Deposit Protection Fund of Uganda

Agency overview
- Formed: 1 July 1994; 32 years ago
- Jurisdiction: Uganda
- Headquarters: AHA Towers Kampala, Uganda
- Agency executives: Ben Patrick Kagoro, chairman; Julia Clare Oyet, chief executive officer;
- Parent agency: Uganda Ministry of Finance, Planning and Economic Development

= Uganda Deposit Protection Fund =

Ugandan government agency

The Uganda Deposit Protection Fund, officially the Deposit Protection Fund of Uganda (DPF), is a Ugandan government agency that provides deposit insurance to depositors in licensed Ugandan commercial banks, credit institutions and microfinance deposit-taking institutions. The DPF was created in July 1994. The law was amended in 2004 to create an independent agency, separate from the Bank of Uganda.

==Location==
The headquarters of DPF are located on AHA Towers Plot 7 Lourdel Road, in Kampala, the capital and largest city of Uganda. The coordinates of the DPF headquarters are 00°19'53.0"N, 32°34'42.0"E (Latitude:0.331389; Longitude:32.578333).

==Overview==
As of 31 December 2015, BoU administered the fund and held UGX 312.8 billion belonging to DPF. The bank held another UGX 9.6 billion belonging to the Uganda Microfinance Deposit Protection Fund (UMDPF), which the bank also administered.

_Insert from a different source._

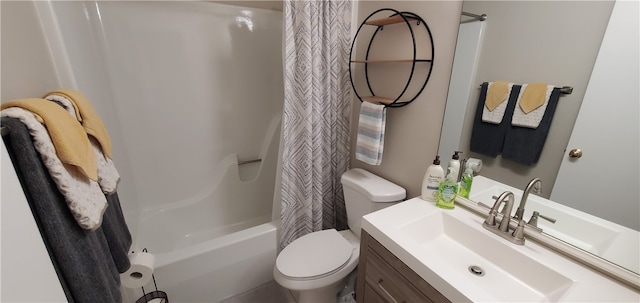 full bathroom with shower / bath combo, vanity, and toilet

Legislation passed in 2016 provided for the merging of the DPF and the UMDPF, with the new agency being separate from the BoU. The World Bank assisted with the process of separating the functions of the new agency from those of the BoU.

In February 2022, the Daily Monitor reported that the DPF had total assets of UGX 966 billion (approx. US$275.5 million), as of 30 June 2021. At that time, the total assets of Uganda's banking sector were UGX 39.7 trillion (approx. US$11.3 billion), with total customer deposits of UGX 31 trillion (approx. US$8.84 billion), in 19.1 million customer accounts. As of June 2024, DPF's total assets amounted to UGX 1,620 billion.

==Operations==
The DPF is funded by premiums charged to every licensed deposit-taking financial institution in the country. Each account is protected up to UGX 10 million. The law provides for all depositors to be paid within 90 days of a bank failure and that the failing institution must be sold by auctioning its assets within six months of its seizure by BoU. If BoU determines that the failed institution will fetch a better economic return if sold as a whole, then it will re-open under new ownership and management, provided the new owners and managers meet the approval of BoU.

In September 2019, Uganda's Finance Ministry increased the amount of protected deposits from UGX 3 million to UGX 10 million. As of that date, the Fund covered deposits in 34 contributing financial institutions, including 24 commercial banks, five credit institutions and five micro finance deposit-taking institutions. As of May 2025, the Fund covered 31 contributing Institutions including 22 commercial banks, 7 credit institutions and 2 micro-finance deposit-taking institutions.

==History==
Following the collapse of Teefe Bank in 1993, the BoU lost money when it was forced to reimburse depositors from its own coffers. In July 1994, the BoU established the fund as a department of the bank, with three objectives:

1. Protect small depositors from losing their savings if and when banks failed
2. Maintain the stability of Uganda's financial sector and payments system, and
3. Enhance public confidence in the banking system and the financial sector of the country.

The 2004 Financial Institutions Act provided for the formation of the DPF.